From kind of behavior (the address wraps by 4 Gb) it seems that somewhere in the driver the buffer size variable is just defined as uint32_t, not uint64_t. Then it was simpler for them to set the maxMemoryAllocationSize to 4 Gb then to fix the code. Keep in mind that in Linux proprietary driver they succeed in making it proper.

I see that @CoffeeExterminator has already reported this limitation (I would even call it bug) to nVidia. If I’m right I will also join that discussion. If Khronos can have some influence on nVidia - will be perfect to push them.

P.S. I and my team have been trying to go from Cuda to Vulkan for already more than 2 years. We succeed a lot, but it is a pity to see quite a lot of synthetic limitations of Vulkan in comparison to Cuda on the same hardware.

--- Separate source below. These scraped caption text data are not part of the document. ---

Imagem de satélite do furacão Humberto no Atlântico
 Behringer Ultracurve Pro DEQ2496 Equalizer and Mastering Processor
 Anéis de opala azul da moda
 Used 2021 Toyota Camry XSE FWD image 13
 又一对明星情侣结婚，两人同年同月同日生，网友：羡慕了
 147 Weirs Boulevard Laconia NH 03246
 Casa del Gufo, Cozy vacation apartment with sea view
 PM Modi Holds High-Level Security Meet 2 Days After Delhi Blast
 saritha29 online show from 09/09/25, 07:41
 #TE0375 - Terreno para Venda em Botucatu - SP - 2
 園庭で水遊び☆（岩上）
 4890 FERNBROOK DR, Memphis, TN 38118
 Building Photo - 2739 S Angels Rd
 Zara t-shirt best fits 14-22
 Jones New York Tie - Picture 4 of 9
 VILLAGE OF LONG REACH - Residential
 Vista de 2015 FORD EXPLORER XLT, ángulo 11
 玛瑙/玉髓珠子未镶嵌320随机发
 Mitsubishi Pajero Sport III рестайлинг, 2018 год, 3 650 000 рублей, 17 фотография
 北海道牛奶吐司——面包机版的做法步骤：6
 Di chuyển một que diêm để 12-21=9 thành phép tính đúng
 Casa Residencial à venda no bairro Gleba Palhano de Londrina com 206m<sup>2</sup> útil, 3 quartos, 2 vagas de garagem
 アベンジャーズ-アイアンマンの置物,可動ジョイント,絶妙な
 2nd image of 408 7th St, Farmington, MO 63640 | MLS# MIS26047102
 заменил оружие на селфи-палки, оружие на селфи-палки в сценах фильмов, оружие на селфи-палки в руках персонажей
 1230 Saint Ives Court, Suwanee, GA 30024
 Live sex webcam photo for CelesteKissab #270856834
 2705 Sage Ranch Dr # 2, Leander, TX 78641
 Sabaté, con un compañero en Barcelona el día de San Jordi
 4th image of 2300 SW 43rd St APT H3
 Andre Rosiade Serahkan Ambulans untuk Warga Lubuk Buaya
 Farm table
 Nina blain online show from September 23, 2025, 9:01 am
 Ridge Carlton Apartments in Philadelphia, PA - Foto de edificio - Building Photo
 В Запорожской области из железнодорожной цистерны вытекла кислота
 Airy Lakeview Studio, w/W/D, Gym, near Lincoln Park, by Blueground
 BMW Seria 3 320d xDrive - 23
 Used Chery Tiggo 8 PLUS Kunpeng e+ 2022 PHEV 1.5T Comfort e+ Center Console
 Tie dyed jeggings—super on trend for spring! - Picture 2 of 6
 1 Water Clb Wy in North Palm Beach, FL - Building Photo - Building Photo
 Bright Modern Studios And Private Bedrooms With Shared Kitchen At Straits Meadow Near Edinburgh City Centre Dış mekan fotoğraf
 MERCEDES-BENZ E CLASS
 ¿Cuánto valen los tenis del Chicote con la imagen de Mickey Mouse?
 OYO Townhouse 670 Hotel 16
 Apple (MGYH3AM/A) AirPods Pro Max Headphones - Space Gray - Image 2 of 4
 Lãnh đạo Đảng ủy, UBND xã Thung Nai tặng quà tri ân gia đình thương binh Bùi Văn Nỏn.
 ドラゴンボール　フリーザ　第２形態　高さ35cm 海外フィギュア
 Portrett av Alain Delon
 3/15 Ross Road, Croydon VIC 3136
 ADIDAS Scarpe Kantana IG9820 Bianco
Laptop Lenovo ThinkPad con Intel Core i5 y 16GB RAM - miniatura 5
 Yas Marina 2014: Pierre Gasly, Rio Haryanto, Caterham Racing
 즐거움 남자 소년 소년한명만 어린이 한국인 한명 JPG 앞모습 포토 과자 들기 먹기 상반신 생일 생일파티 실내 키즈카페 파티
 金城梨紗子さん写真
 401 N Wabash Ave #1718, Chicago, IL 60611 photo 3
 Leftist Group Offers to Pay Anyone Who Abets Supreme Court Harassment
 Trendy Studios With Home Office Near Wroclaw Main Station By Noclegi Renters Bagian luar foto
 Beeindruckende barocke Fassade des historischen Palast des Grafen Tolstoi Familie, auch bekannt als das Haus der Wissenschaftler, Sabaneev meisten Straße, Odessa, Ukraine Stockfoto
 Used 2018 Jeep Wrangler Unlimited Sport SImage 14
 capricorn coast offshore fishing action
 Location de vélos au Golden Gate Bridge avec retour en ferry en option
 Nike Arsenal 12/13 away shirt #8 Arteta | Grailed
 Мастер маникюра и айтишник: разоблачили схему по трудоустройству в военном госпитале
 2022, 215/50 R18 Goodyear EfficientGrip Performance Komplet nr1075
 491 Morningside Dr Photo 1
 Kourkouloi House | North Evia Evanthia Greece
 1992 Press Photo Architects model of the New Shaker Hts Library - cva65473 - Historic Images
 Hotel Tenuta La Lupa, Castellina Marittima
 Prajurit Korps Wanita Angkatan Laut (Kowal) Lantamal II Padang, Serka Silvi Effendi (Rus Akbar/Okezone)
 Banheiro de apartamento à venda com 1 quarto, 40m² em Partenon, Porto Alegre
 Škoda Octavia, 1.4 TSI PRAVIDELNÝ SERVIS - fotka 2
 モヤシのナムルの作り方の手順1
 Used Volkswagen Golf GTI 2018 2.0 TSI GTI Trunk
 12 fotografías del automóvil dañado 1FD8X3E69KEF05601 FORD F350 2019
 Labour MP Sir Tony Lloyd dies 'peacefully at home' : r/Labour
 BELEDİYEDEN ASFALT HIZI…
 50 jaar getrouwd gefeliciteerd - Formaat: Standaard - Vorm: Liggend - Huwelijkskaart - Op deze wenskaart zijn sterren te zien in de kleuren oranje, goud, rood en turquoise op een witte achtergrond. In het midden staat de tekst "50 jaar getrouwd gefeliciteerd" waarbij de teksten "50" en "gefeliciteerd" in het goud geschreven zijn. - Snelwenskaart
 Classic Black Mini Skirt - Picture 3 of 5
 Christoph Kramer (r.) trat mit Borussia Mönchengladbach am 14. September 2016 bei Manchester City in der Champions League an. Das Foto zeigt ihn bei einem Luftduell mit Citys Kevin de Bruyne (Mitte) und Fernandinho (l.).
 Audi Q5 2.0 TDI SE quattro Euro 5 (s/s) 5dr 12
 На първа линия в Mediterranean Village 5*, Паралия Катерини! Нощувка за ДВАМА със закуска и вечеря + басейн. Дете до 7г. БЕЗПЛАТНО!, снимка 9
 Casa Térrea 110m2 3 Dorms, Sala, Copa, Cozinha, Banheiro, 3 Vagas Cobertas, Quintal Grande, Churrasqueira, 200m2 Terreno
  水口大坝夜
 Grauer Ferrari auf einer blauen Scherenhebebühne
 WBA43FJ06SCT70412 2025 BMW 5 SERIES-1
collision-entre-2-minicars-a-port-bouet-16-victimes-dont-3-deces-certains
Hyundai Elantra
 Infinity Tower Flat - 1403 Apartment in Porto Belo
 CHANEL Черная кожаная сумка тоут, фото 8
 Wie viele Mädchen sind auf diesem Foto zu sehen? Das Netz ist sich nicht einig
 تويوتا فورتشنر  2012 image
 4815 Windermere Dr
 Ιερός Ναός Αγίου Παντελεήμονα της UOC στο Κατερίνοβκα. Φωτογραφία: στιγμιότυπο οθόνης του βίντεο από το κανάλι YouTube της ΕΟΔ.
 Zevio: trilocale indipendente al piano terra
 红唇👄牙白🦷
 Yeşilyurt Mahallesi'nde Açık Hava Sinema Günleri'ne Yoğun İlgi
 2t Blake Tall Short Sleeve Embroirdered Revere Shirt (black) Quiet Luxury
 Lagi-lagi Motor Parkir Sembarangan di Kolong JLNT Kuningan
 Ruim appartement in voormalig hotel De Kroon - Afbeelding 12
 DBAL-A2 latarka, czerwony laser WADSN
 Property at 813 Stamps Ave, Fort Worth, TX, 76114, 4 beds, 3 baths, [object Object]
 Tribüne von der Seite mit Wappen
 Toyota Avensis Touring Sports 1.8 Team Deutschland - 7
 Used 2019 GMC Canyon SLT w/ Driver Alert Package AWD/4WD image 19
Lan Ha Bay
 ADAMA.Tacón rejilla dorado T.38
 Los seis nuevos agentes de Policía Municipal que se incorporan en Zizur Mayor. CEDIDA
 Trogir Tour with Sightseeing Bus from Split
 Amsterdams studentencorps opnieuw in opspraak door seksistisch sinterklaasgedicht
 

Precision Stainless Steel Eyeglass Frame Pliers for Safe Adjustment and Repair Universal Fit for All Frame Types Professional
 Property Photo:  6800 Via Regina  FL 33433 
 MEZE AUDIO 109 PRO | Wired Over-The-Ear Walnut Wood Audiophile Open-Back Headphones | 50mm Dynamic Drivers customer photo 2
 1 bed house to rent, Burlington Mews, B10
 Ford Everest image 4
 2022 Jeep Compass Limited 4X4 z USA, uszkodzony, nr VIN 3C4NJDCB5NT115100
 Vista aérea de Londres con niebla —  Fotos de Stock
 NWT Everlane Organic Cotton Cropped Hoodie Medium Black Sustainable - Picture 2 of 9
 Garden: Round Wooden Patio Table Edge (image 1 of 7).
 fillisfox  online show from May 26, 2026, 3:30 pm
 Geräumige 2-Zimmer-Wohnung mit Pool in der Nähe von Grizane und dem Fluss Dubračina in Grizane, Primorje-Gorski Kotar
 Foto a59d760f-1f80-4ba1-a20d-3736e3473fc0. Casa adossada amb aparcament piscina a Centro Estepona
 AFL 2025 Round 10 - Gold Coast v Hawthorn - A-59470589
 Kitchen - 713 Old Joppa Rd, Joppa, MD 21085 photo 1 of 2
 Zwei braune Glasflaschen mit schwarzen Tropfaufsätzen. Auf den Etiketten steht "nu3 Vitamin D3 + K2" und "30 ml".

I could ever write an article about that. :slight_smile: Probably I would do this later.

Oh, okay. I thought it was the limit on the allocation itself, not generally dealing with the memory. Thanks for the explanation.

Our tests match what you have described, and I agree with your conclusions, it seems like an NVIDIA driver issue (both with limiting maxMemoryAllocationSize to 4 Gb and truncating the allocation size). I haven’t got any reply on NVIDIA forums so far (unfortunately I can’t include a link here), so I guess now we wait and see what they have to say.

And yet, from the fact that the driver explicitly said “I can’t handle allocations higher than 4GB”, it’s clear that this wasn’t an accident. It’s not a typo, it’s not from them using the wrong type internally. Some programmer at NVIDIA (likely multiple) explicitly made the decision to impose this limitation.

The only people who know why it’s there are at NVIDIA. But it’s clearly not an accident or a bug; it’s deliberate design. Maybe not good design, but it was a choice.

Hello again!
I’m not sure if it is a different problem (and therefore should be its own topic) or something related.

I decided to do some more research and test memory allocation and import on my integrated GPU, which has maxMemoryAllocationSize of 12771291136 (so, a little less than 12 Gb). I got the following results:

On Windows only up to a little less than 4Gb of memory can be allocated or imported, allocating 4 Gb or more results in the out of memory error.

On Linux any amount of memory up to maxMemoryAllocationSize can be allocated and accessed normally. However, if I attempt to allocate memory with an OS function and then import it, I get the address truncation problem again: if I import 5 Gb of memory, only 1 Gb can be accessed from the shader, etc.

I’ve run all tests on Intel(R) Iris(R) Xe Graphics card. On Windows the driver version is 30.0.101.1960. On Linux I have the standard Intel drivers for Ubuntu 22.04 (not sure if they have their own versioning).

I’m really at a loss, any ideas as to what’s going on here? We do not normally work with integrated cards, so I could be missing something.